*Task to complete*. Output each record below exactly as it stands, leaving out the pictures.

*Extracted data entries*.
>>>
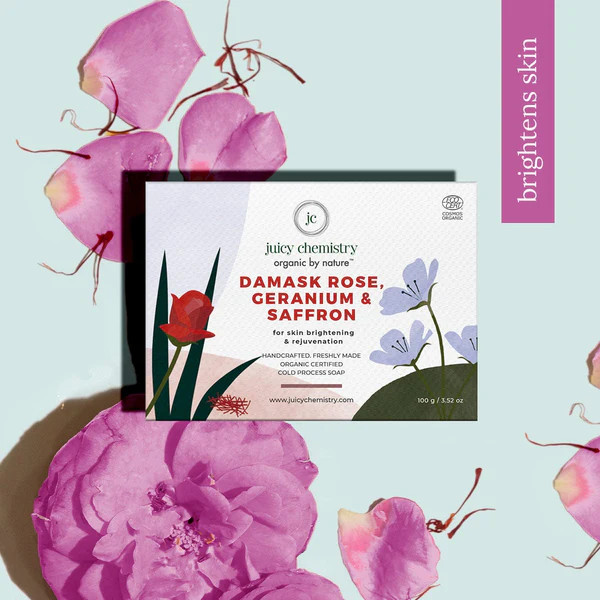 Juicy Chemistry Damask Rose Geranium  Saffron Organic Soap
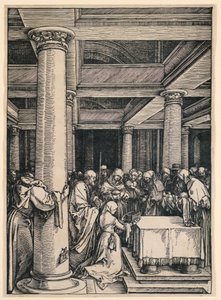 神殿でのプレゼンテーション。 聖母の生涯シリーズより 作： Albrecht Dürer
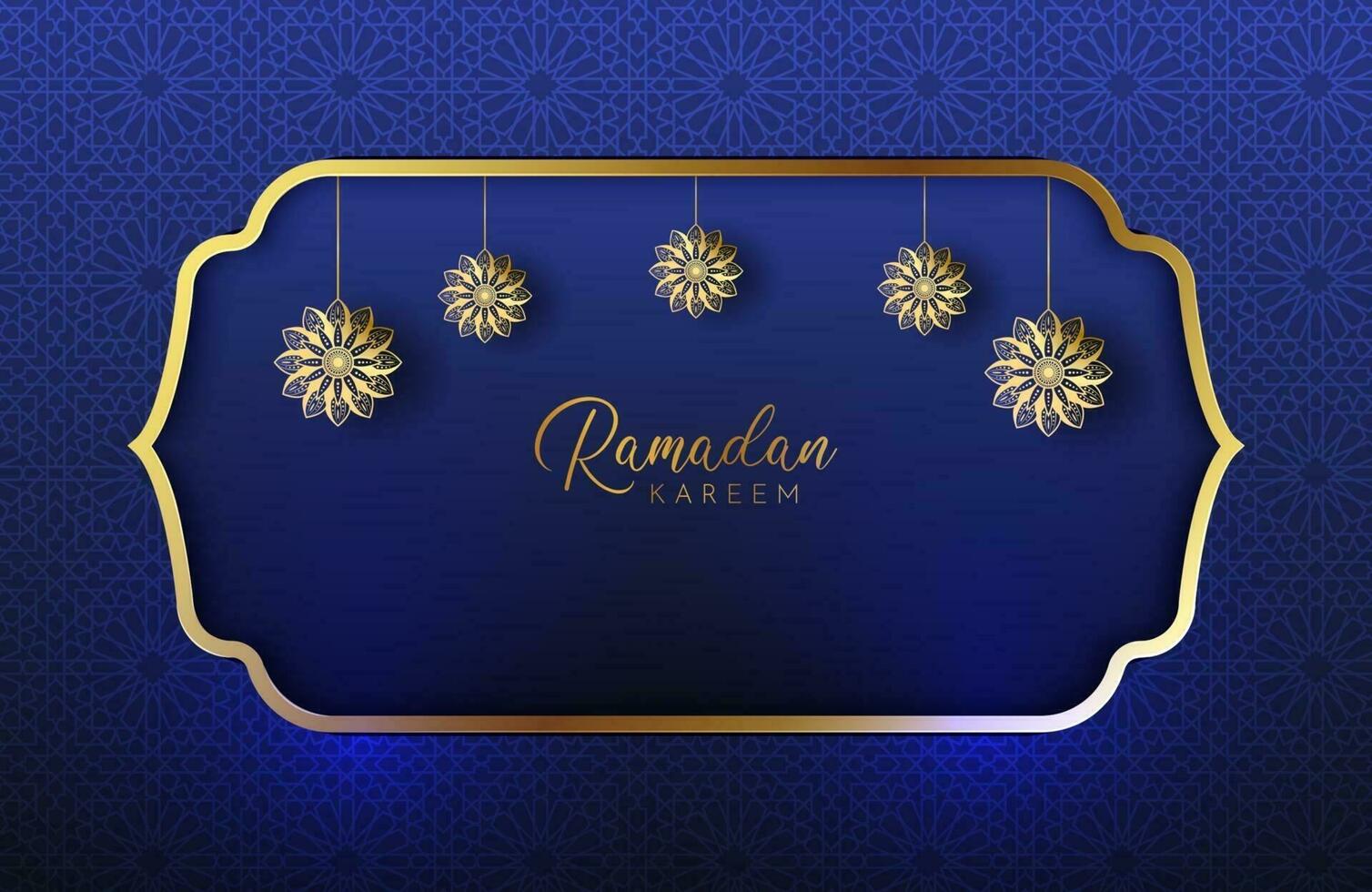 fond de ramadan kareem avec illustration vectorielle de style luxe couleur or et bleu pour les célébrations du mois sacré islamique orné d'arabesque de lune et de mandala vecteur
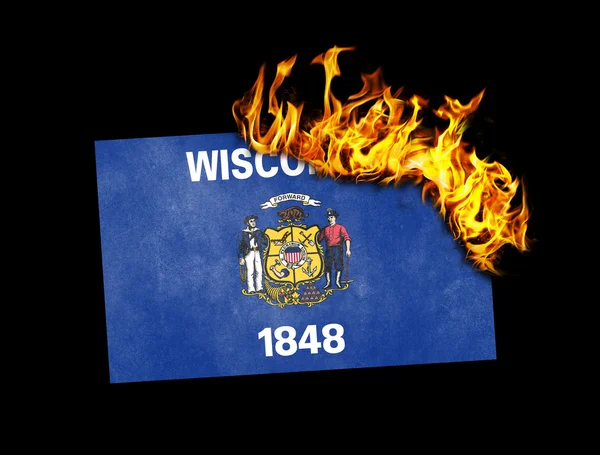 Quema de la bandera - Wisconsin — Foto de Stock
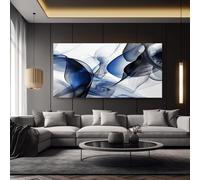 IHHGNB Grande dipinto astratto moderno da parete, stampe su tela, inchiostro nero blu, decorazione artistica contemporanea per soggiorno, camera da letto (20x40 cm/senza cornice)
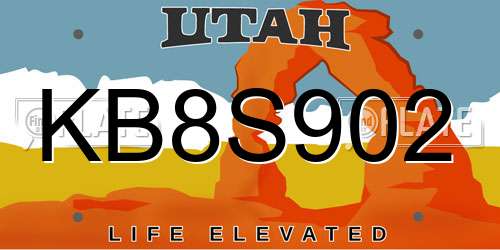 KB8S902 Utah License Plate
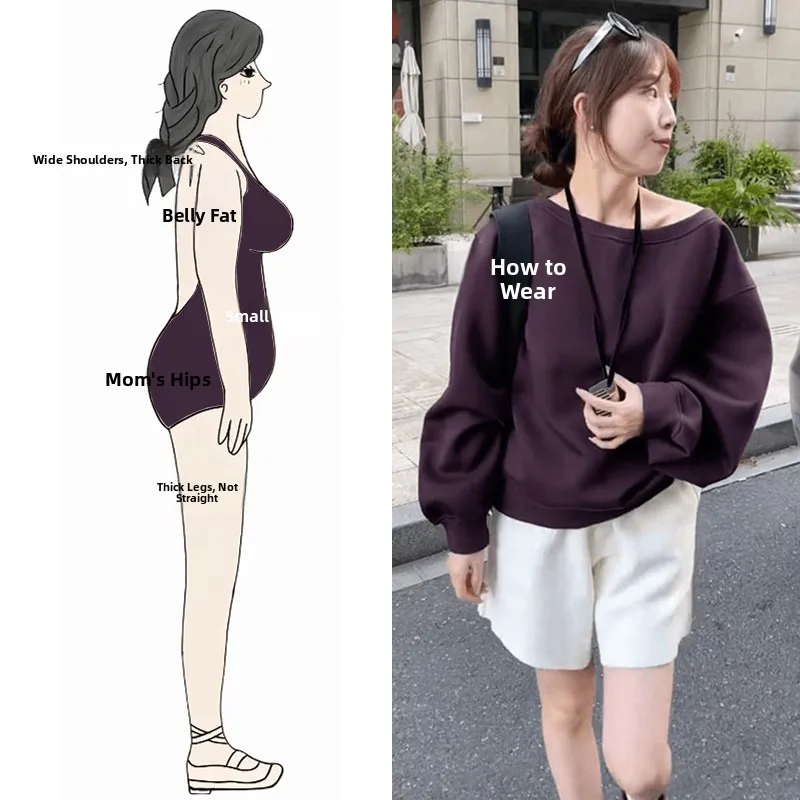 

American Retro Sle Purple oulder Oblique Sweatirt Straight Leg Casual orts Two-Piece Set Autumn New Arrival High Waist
<<<
*Your solution*.
 Juicy Chemistry Damask Rose Geranium  Saffron Organic Soap
 神殿でのプレゼンテーション。 聖母の生涯シリーズより 作： Albrecht Dürer
 fond de ramadan kareem avec illustration vectorielle de style luxe couleur or et bleu pour les célébrations du mois sacré islamique orné d'arabesque de lune et de mandala vecteur
 Quema de la bandera - Wisconsin — Foto de Stock
 IHHGNB Grande dipinto astratto moderno da parete, stampe su tela, inchiostro nero blu, decorazione artistica contemporanea per soggiorno, camera da letto (20x40 cm/senza cornice)
 KB8S902 Utah License Plate

American Retro Sle Purple oulder Oblique Sweatirt Straight Leg Casual orts Two-Piece Set Autumn New Arrival High Waist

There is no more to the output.